These control algorithms have their own advantages and scope of application. The common disadvantage is that they do not take into account the energy dissipation characteristics of the control object, while passivity-based control (PBC) considers the energy dissipation characteristics and is designed to maintain the global asymptotic stability of the system, and has strong robustness to system parameter changes [16,17]. For example, the frequency domain passive theory is considered in Reference [18]. By extracting the eigenvalue information from the impedance frequency response, the traditional eigenvalue-based and impedance-based stability analysis methods are improved. Since the single-phase LCL grid-connected inverter under a weak grid is a nonlinear system and the system parameters are variable under a weak grid, aiming at the above problems, this paper first establishes a passivity-based controller based on the Euler Lagrange (EL) model, which ensures the global stability of the whole system and improves the adaptability of the grid-connected system under weak grid conditions. Subsequently, a control strategy combining active disturbance rejection control (ADRC) and PBC is adopted to achieve static error-free tracking and harmonic suppression of grid-connected current. The parameters of ADRC are adjusted in real-time by adding fuzzy control, and detailed fuzzy control rules are given. Finally, the system model is built in MATLAB/Simulink, and the correctness and effectiveness of the proposed control strategy are verified by simulation experiments.
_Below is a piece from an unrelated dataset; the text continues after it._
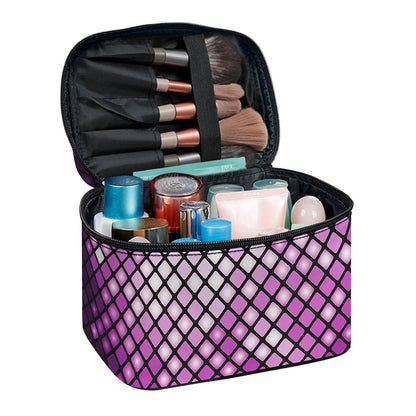 Purple Disco Lights Pattern Print Travel Makeup Bag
2. EL Mathematical Model of Single-Phase LCL Inverter in Weak Grid

The equivalent model of a single-phase LCL grid-connected inverter system in the weak grid is shown in Figure 1. In the figure, u_dc is the DC voltage, which can be regarded as a constant. L₁, L₂ and C are the inductance and capacitance of the LCL filter, respectively. L_g and R_g are the internal inductance and internal resistance of the grid, u_c and u_g are the filter capacitor voltage and the ideal grid voltage, and u_s is the sum of the voltage drop of u_g voltage and its impedance L_g and R_g. i₁ is the inverter side current, i_c is the filter capacitor current, i₂ is the grid current, Q1, Q2, Q3, Q4 are the four power-switching devices of the full-bridge inverters.

Figure 1. Equivalent model of single-phase LCL grid-connected inverter in the weak grid.
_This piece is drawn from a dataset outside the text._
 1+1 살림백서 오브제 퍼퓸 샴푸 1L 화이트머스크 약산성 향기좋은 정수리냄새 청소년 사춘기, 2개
According to Figure 1, based on Kirchhoff′s law, the state variables of the control system are selected as: inverter side current i₁, capacitor voltage u_c, and grid-connected current i₂. The state equation of a single-phase LCL grid-connected inverter under a weak grid can be obtained as follows:

$$\left(\begin{array}{c}{\dot{i}}_1\\ {\dot{u}}_{\mathrm{c}}\\ {\dot{i}}_2\end{array}\right)=\left(\begin{array}{ccc}0& -\frac{1}{L_1}& 0\\ \frac{1}{C}& 0& -\frac{1}{C}\\ 0& \frac{1}{L_{\mathrm{g}}+L_2}& -\frac{R_{\mathrm{g}}}{L_{\mathrm{g}}+L_2}\end{array}\right)\left(\begin{array}{c}{i}_1\\ u_{\mathrm{c}}\\ i_2\end{array}\right)+\left(\begin{array}{c}\frac{u_{\mathrm{A}}{u}_{\mathrm{dc}}}{L_1}\\ 0\\ -\frac{u_{\mathrm{g}}}{L_{\mathrm{g}}+L_2}\end{array}\right)$$

(1)

In the above formula, u_A = 2d(t) − 1, where u_A is the switching function, and d(t) represents the duty cycle of the switching devices Q1 and Q4.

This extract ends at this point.